_Instructions for the task_.
For each entry below, copy the text exactly and leave out any picture.

_Input data_.
[Start of Attachment]

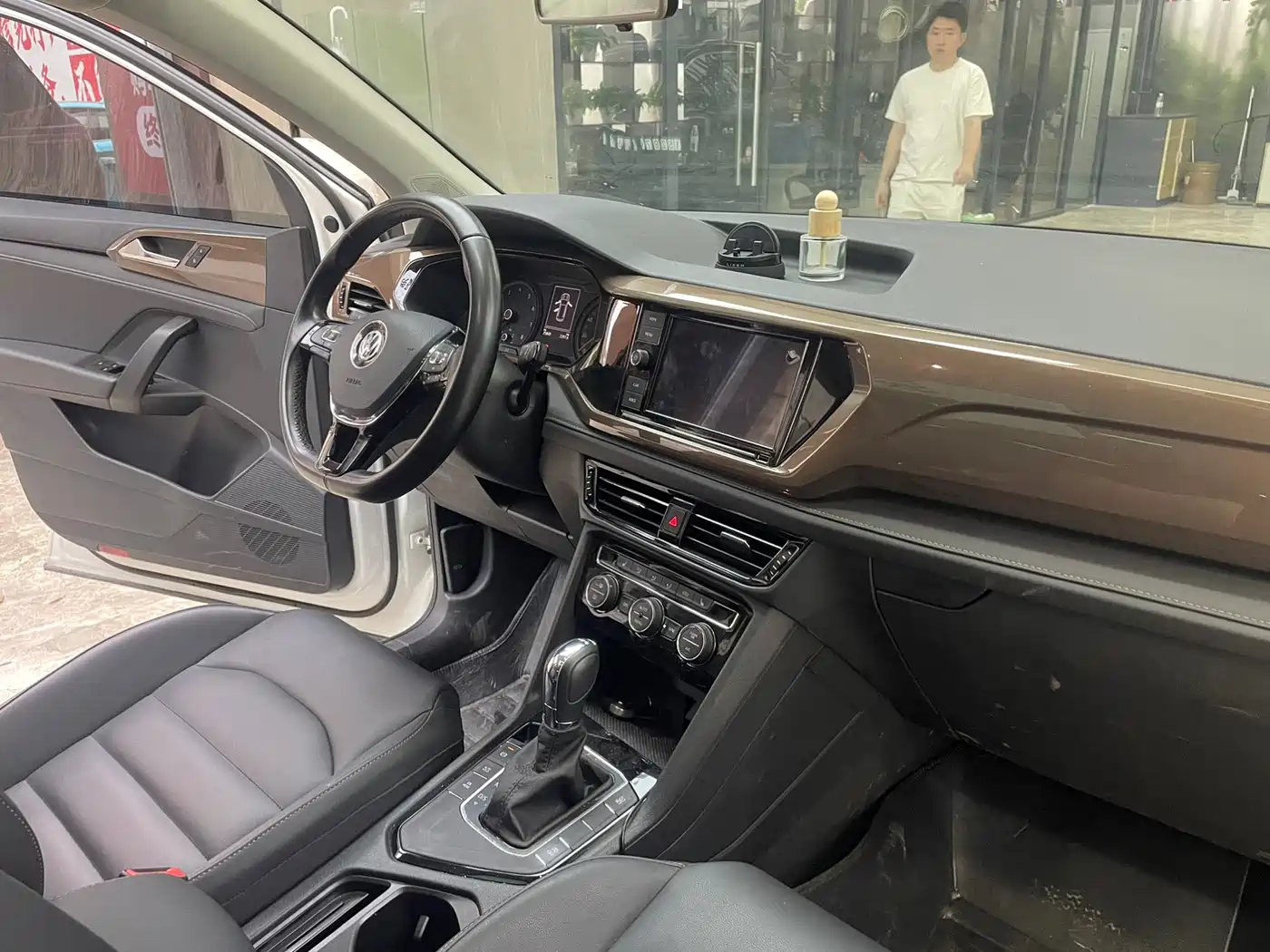 Volkswagen Tharu 2019 280TSI 2WD Luxury Edition China V фото 17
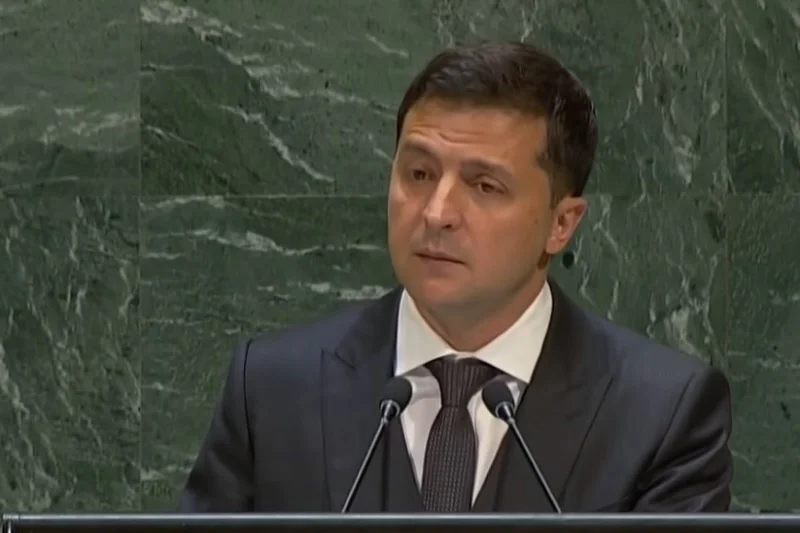 Prezydent Ukrainy Wołodymyr Zełenski zapowiedział, że jego kraj wyśle do Teheranu swoich ekspertów.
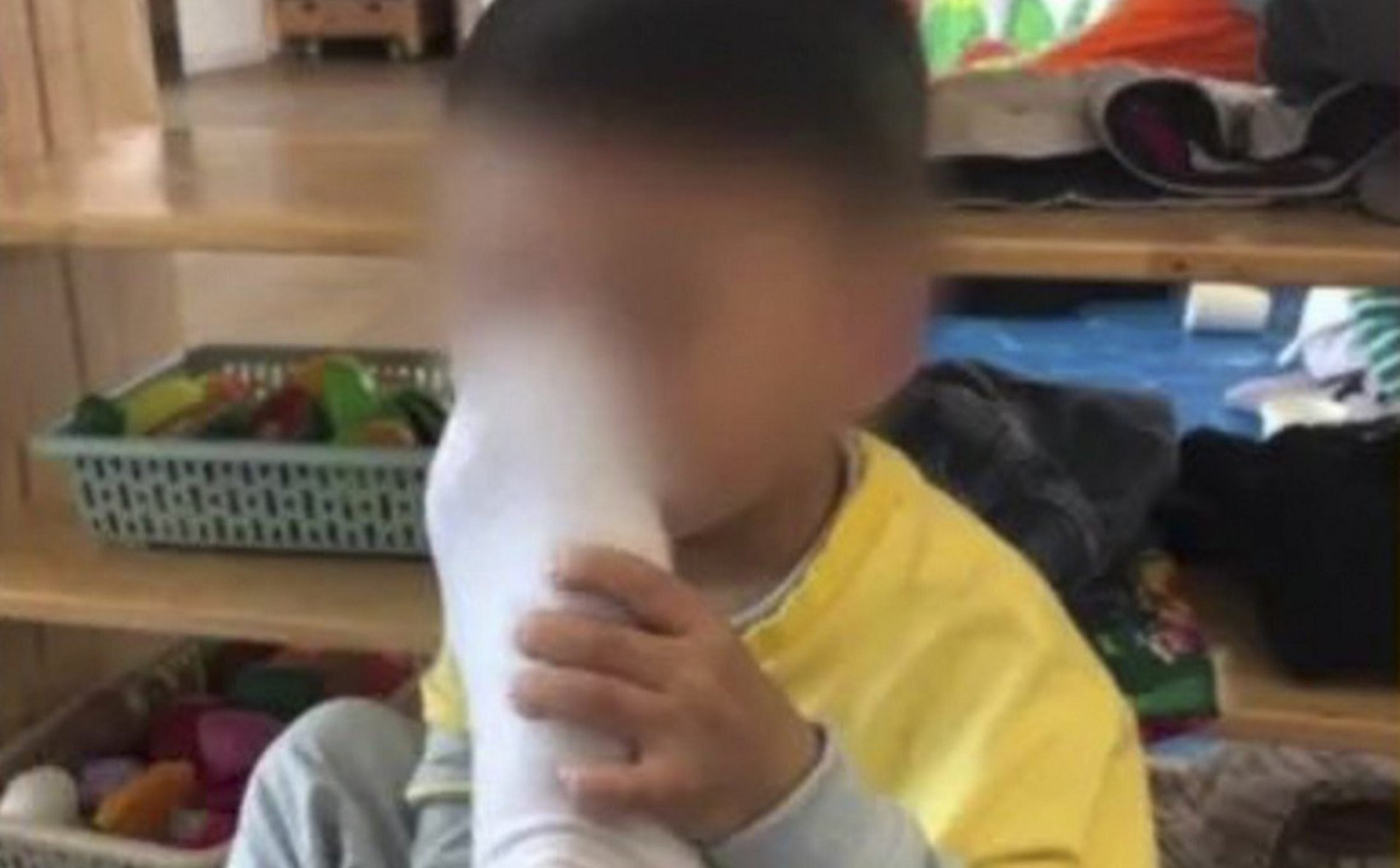 ‘Cium, Cium Betul-Betul..’ – Konon Nak ‘Didik’, Foto Guru Tadika Paksa Anak Murid Cium Kaki Tersebar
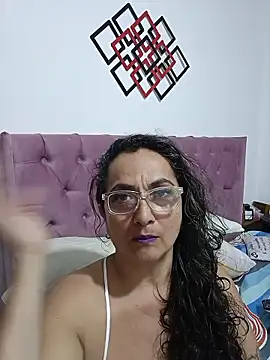 Snapshot of AlessandraLeroy chatting on 01-17-26, 01:53 AlessandraLeroy online show from 01-17-26, 01:53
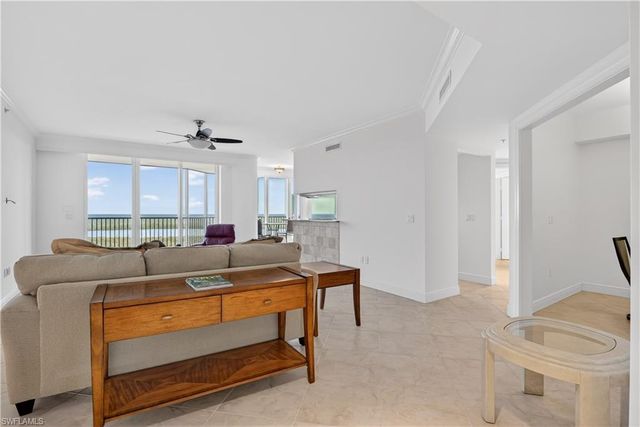 1060 Borghese LN 1005, Naples, FL 34114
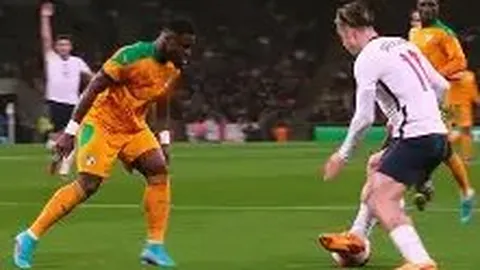 加的斯力克巴塞罗那，后防默契助力关键点球获胜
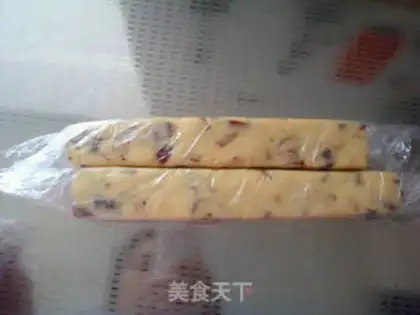Make Red-tree cookies step 12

[End of Attachment]

_Solution for this problem_.
 Volkswagen Tharu 2019 280TSI 2WD Luxury Edition China V фото 17
 Prezydent Ukrainy Wołodymyr Zełenski zapowiedział, że jego kraj wyśle do Teheranu swoich ekspertów.
 ‘Cium, Cium Betul-Betul..’ – Konon Nak ‘Didik’, Foto Guru Tadika Paksa Anak Murid Cium Kaki Tersebar
 Snapshot of AlessandraLeroy chatting on 01-17-26, 01:53 AlessandraLeroy online show from 01-17-26, 01:53
 1060 Borghese LN 1005, Naples, FL 34114
 加的斯力克巴塞罗那，后防默契助力关键点球获胜
Make Red-tree cookies step 12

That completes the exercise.